> **Given data**:
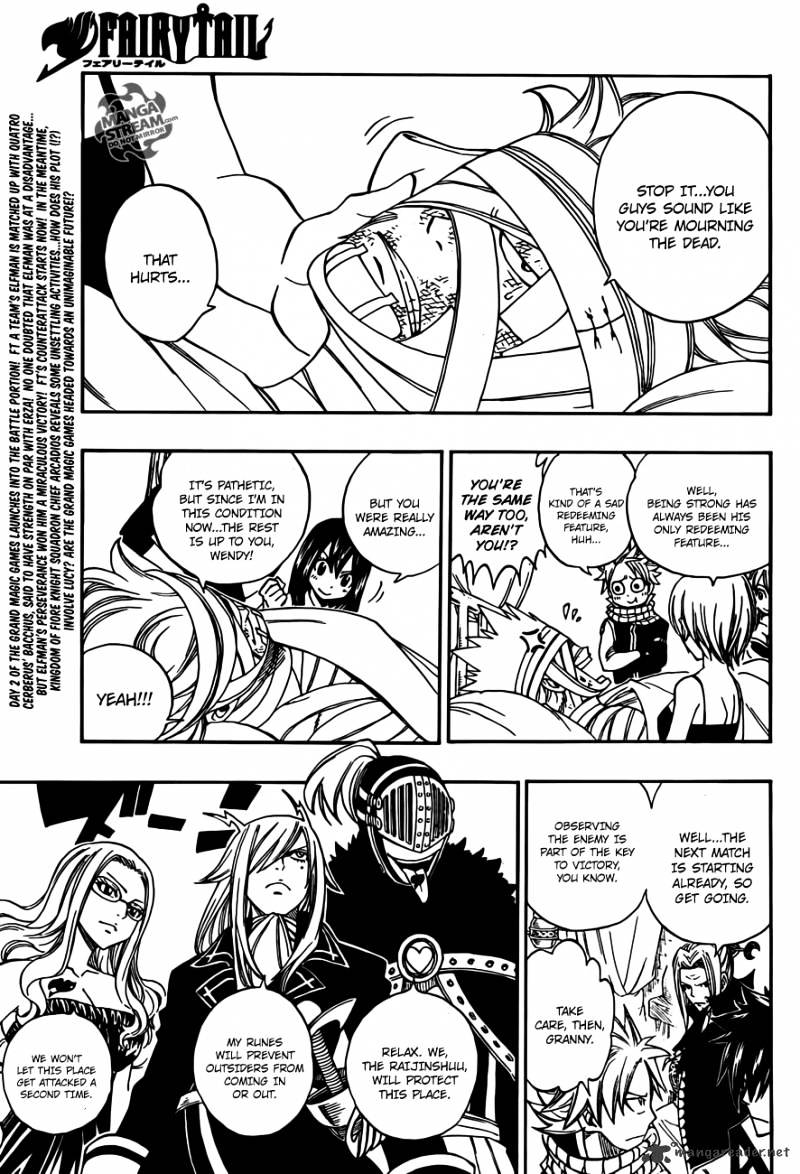 Fairy Tail Chapter 279 : The Gateway Hidden In Darkness - Picture 3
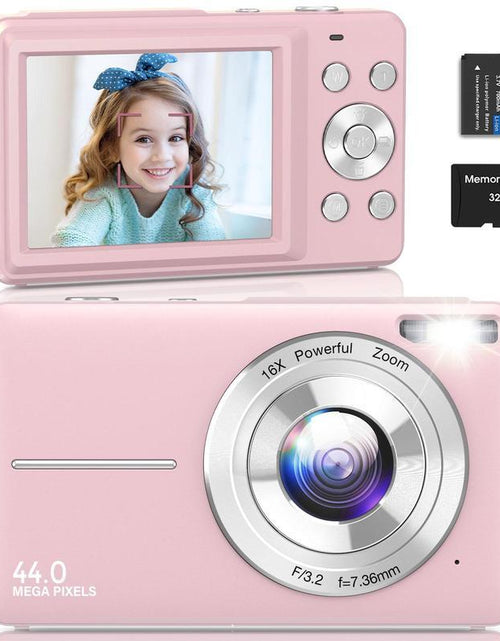 Load image into Gallery viewer, Digital Camera, Portable FHD 1080P Digital Cameras, 48MP 16X Digital Zoom with 2.8&quot; IPS Compact Small Vintage Camera for Vlogging, Point Shoot Camera.
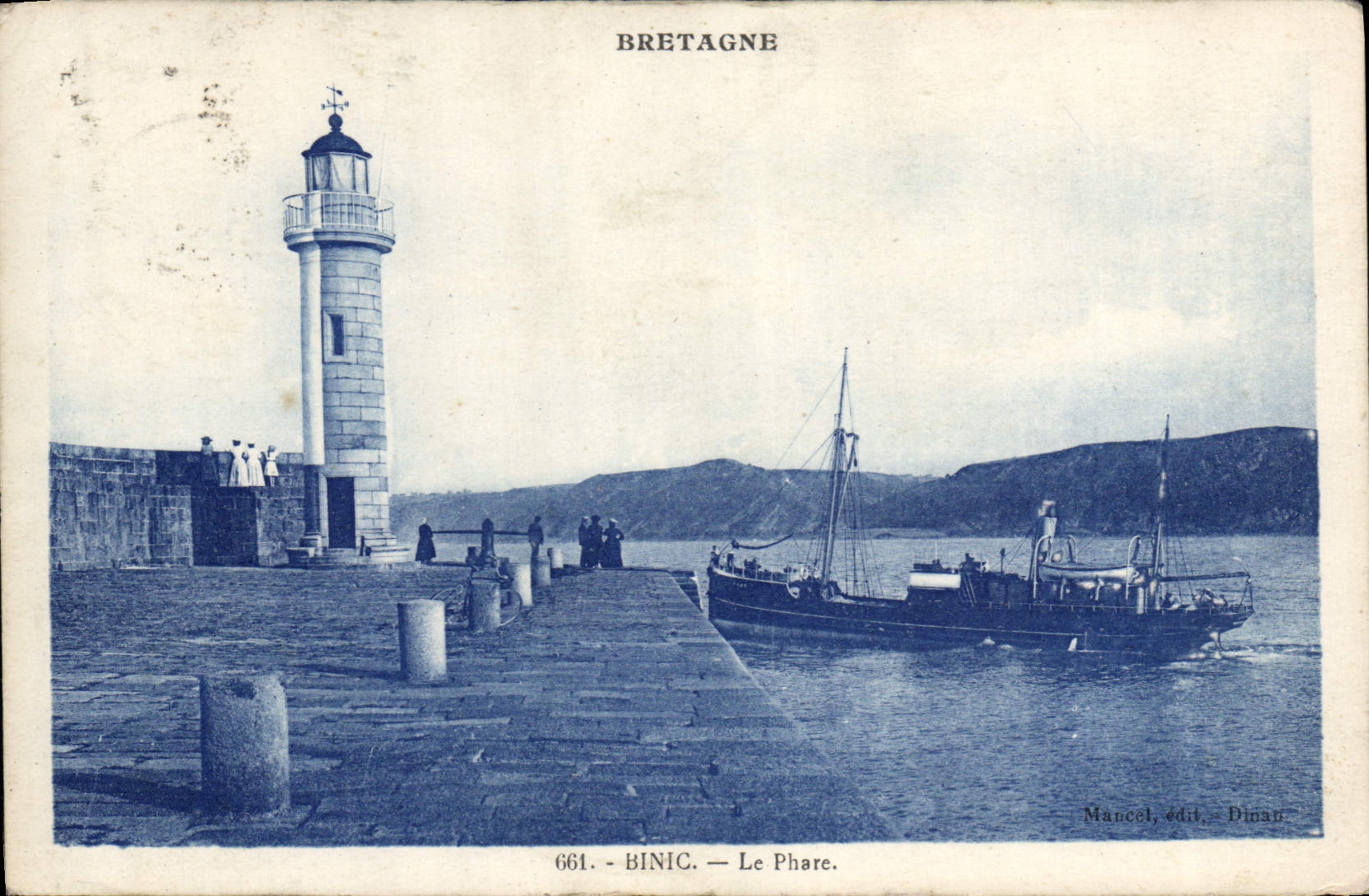CPA BINIC le phare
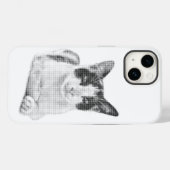Coques Case-Mate iPhone Calicot Rétro Demi-Teinte (Verso (horizontal))
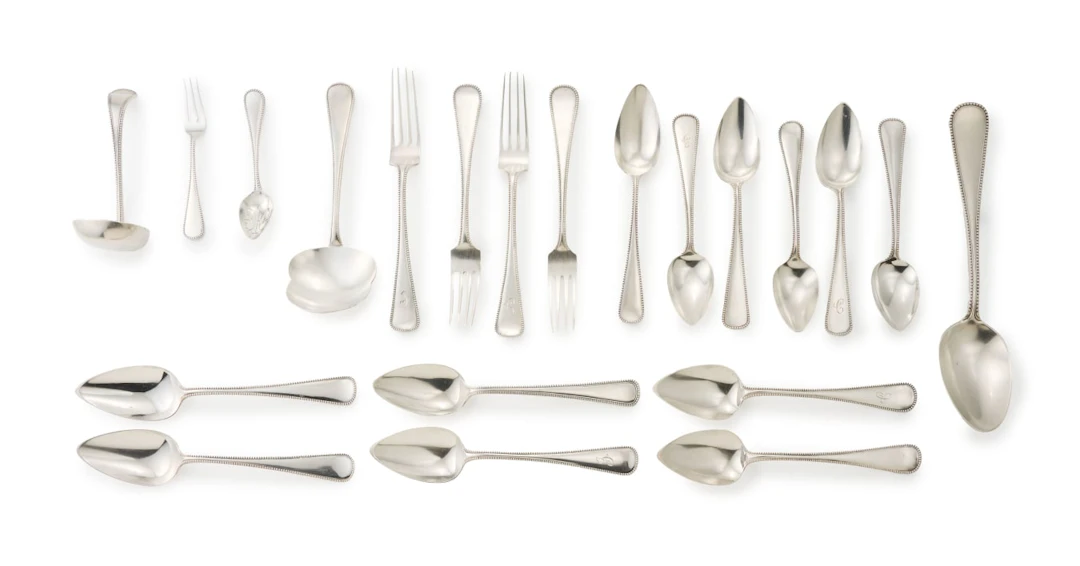 An assembled part-set of Dutch silver cutlery, J.M. van Kempen en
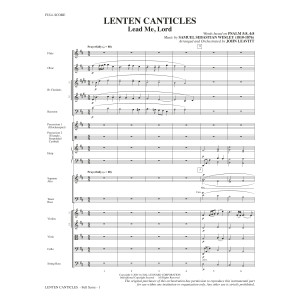 Lenten Canticles (A Passion Cantata) - Full Score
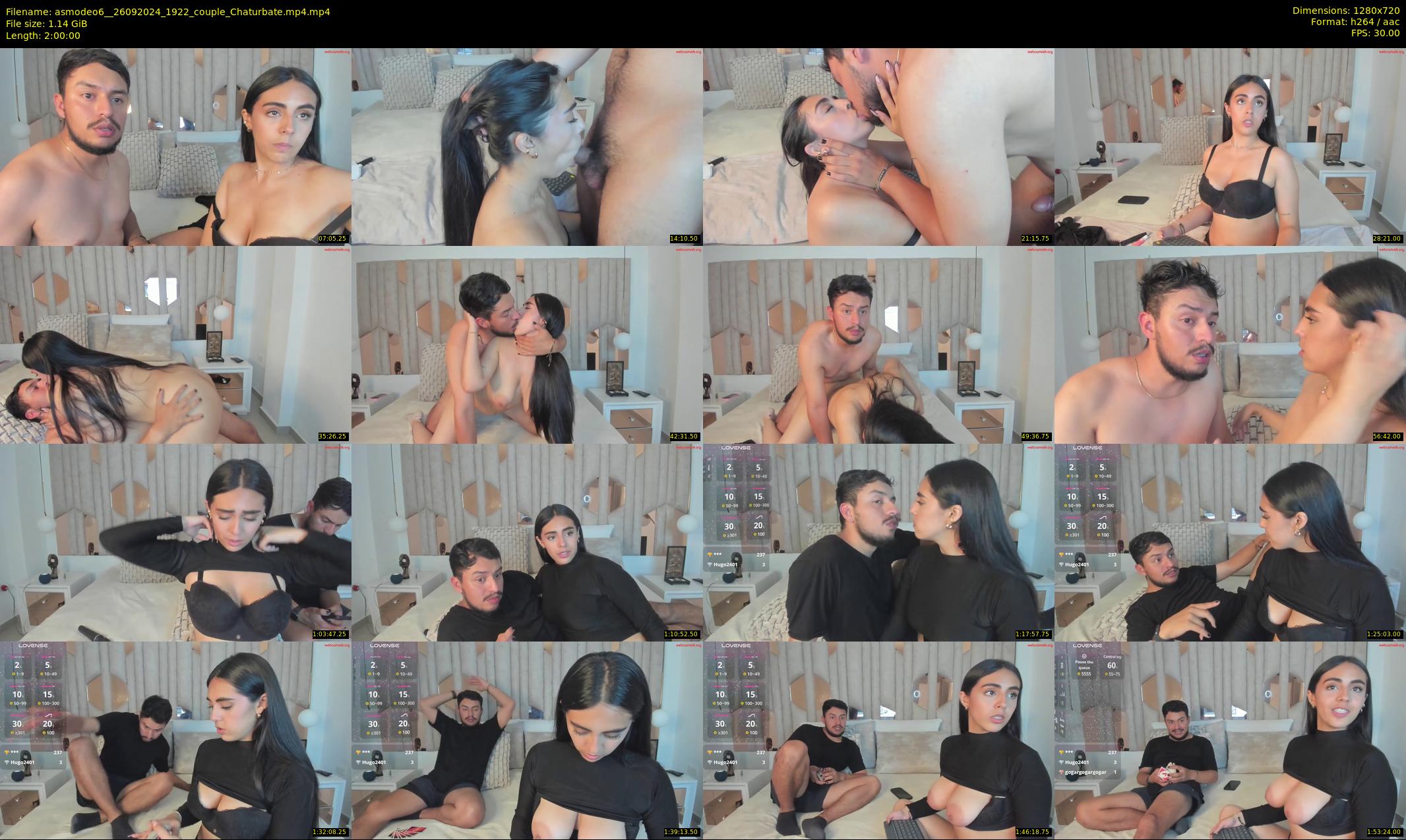 asmodeo6_ — 120 minute Chaturbate couple cam show recording, 720p, Sep 26, 2024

> **What you have to do**: Please transcribe each entry exactly, but skip any picture it holds.

> **Exercise answer**:
 Fairy Tail Chapter 279 : The Gateway Hidden In Darkness - Picture 3
 Load image into Gallery viewer, Digital Camera, Portable FHD 1080P Digital Cameras, 48MP 16X Digital Zoom with 2.8&quot; IPS Compact Small Vintage Camera for Vlogging, Point Shoot Camera.
CPA BINIC le phare
Coques Case-Mate iPhone Calicot Rétro Demi-Teinte (Verso (horizontal))
 An assembled part-set of Dutch silver cutlery, J.M. van Kempen en
 Lenten Canticles (A Passion Cantata) - Full Score
 asmodeo6_ — 120 minute Chaturbate couple cam show recording, 720p, Sep 26, 2024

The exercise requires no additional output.